Short descriptive text snippets:
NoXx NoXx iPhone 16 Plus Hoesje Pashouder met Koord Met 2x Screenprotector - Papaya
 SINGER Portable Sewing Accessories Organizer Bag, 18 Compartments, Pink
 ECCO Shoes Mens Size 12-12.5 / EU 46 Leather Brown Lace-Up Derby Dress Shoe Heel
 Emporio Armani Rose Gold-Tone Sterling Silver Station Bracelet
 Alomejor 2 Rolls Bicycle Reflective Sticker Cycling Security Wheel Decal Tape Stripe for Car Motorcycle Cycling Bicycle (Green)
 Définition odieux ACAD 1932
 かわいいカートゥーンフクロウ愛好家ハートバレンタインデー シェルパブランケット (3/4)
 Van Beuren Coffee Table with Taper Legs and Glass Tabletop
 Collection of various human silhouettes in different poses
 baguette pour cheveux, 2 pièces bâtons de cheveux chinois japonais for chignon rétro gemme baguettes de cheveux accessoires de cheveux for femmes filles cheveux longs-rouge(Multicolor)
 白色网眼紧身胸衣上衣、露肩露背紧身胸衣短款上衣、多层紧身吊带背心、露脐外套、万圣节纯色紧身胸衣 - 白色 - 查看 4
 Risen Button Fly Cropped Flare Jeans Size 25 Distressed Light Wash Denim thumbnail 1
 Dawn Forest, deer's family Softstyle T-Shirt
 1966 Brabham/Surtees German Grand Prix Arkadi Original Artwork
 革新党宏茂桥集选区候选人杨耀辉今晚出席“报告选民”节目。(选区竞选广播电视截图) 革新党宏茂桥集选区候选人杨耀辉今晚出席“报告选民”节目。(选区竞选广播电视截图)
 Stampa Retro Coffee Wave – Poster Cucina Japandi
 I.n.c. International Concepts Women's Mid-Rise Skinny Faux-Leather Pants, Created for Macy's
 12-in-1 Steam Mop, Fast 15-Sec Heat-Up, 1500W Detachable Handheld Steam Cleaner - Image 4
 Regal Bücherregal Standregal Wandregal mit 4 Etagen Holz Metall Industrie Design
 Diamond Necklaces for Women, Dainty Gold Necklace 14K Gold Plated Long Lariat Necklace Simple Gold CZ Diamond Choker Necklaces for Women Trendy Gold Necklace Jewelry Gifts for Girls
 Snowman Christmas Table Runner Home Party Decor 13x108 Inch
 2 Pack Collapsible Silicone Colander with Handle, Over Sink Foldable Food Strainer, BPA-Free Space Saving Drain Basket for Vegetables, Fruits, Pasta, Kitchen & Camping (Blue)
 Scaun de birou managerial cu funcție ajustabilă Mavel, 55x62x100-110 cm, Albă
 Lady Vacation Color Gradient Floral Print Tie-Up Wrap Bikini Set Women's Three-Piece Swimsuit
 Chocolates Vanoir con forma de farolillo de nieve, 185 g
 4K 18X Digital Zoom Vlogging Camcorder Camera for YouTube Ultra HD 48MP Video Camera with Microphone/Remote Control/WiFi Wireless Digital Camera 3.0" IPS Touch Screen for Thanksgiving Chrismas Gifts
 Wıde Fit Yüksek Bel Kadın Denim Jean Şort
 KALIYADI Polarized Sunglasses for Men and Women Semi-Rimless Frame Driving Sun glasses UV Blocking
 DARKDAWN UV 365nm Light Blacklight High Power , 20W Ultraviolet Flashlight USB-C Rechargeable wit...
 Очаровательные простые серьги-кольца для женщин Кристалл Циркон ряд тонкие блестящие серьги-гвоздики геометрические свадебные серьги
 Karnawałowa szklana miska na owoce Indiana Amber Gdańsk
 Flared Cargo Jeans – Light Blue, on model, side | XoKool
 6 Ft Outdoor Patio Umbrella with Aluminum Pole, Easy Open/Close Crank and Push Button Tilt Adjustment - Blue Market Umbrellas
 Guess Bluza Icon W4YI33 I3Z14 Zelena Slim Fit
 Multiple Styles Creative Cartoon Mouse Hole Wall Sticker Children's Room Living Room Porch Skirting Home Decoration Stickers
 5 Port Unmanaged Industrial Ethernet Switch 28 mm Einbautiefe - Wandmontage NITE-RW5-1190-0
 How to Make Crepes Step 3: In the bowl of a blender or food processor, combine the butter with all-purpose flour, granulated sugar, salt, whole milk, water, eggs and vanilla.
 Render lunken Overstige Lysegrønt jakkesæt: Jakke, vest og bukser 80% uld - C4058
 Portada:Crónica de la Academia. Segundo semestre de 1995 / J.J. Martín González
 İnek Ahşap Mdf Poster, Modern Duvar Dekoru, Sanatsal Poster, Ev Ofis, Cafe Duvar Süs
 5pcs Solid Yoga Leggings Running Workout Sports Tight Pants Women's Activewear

## TASK STATEMENT
Show the lines of the records that include the string "Light".

## WRITTEN SOLUTION
 Risen Button Fly Cropped Flare Jeans Size 25 Distressed Light Wash Denim thumbnail 1
 DARKDAWN UV 365nm Light Blacklight High Power , 20W Ultraviolet Flashlight USB-C Rechargeable wit...
 Flared Cargo Jeans – Light Blue, on model, side | XoKool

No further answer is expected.